- Directed by: Jules White
- Written by: Felix Adler
- Produced by: Jules White
- Starring: Moe Howard; Larry Fine; Curly Howard; Bud Jamison; Dick Curtis; Symona Boniface; Vernon Dent; Victor Travers;
- Cinematography: George Meehan
- Edited by: Charles Hochberg
- Distributed by: Columbia Pictures
- Release date: February 4, 1944 (U.S.);
- Running time: 17:36
- Country: United States
- Language: English

= Crash Goes the Hash =

1944 film by Jules White

Crash Goes the Hash is a 1944 short subject directed by Jules White starring American slapstick comedy team The Three Stooges (Moe Howard, Larry Fine and Curly Howard). It is the 77th entry in the series released by Columbia Pictures starring the comedians, who appeared in 190 shorts at the studio between 1934 and 1959.

==Plot==
Fuller Bull, the beleaguered chief of the failing Daily News, chides his hired reporters for failing to secure a story to rival that of their competitor, the Daily Star Press. Mistakenly identifying three tradesmen as journalists from the rival publication, Bull promptly recruits them to procure a photograph of visiting dignitary Prince Shaam of Ubeedarn, who is rumored to be planning nuptials with local socialite Mrs. Van Bustle. Disguised as servants, the trio infiltrates a party at Mrs. Van Bustle's residence held in honor of the prince.

The Stooges unintentionally disturb the event by presenting hors d'œuvres that are deemed unappetizing, featuring dog biscuits accompanied by canned peas (erroneously perceived as canapés), and a turkey housing a live parrot within its cavity. Outraged, the prince departs, trailed by the majordomo, Lord Flint. Undeterred, the Stooges uncover the true identities of both the prince and his aide as criminals plotting a robbery.

Subsequently, the Stooges report to Bull that the purported Prince Shaam is an imposter, leading to the arrest of him and Flint.
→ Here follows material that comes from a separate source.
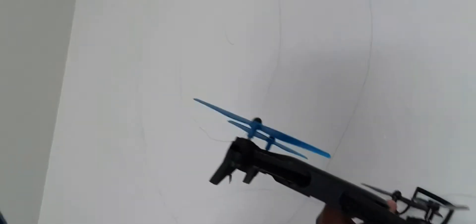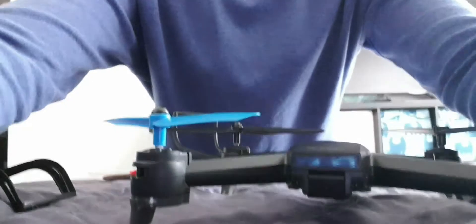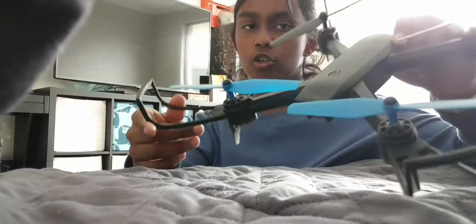It's been designed like this — it doesn't add much weight. Be careful with it. I've just connected all the rotor guards.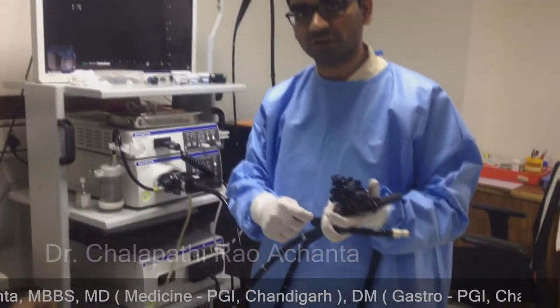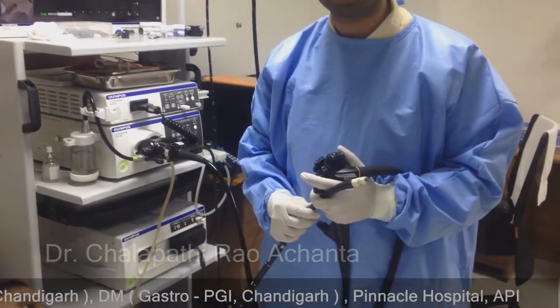By doing the biopsy and FNAC needle, we will do tissue sampling. This is the patient's pancreas problem.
Delighted by this revelation, Bull halts production to include an extra edition of the paper, rewarding the trio handsomely for their efforts. Grateful for their intervention, Mrs. Van Bustle decides to marry Curly as a gesture of appreciation for foiling Shaam's robbery scheme.

==Production notes==
Crash Goes the Hash was filmed October 11–13, 1943. It would be supporting actor Bud Jamison's final appearance in a Stooge film. A Type 2 diabetic in his later years, Jamison appeared in 16 more films before his untimely death in September 1944. A devout Christian Scientist, he died on September 30, 1944, at age 50 after refusing treatment for kidney cancer.

At one point, Jamison gently breaks the fourth wall by comparing the boys to "The Three Stooges," to which they naturally take offense.

The parrot's "Jeepers creepers! What a night!" exclamation combines the 1930s slang euphemism from "Jesus Christ" (made into the Johnny Mercer 1938 song "Jeepers Creepers, Where'd You Get Those Peepers?") and the parrot's "What a night!' from the Stooges' 1936 entry Disorder in the Court.

Even though the story and screenplay is credited to Felix Adler, this film borrows considerable dialogue, situations, and even shot set-ups from the 1937 Columbia Short New News, starring Monte Collins and Tom Kennedy, which was written by Al Giebler, Elwood Ullman and Searle Kramer.

===Curly Howard fades===
The Stooges made many public appearances during the height of World War II in support of the war effort. The demands of the heavy touring took their toll on Curly, whose timing and energy began to deteriorate. In Crash Goes the Hash, Curly's speech is slightly slower and his falsetto had begun to lose its crisp high pitch. The dialogue spoken at the lemonade table where he covertly tells Larry to take a picture of Prince Shaam features Curly talking in his normal speaking voice, which is noticeably deeper than Moe's or Larry's.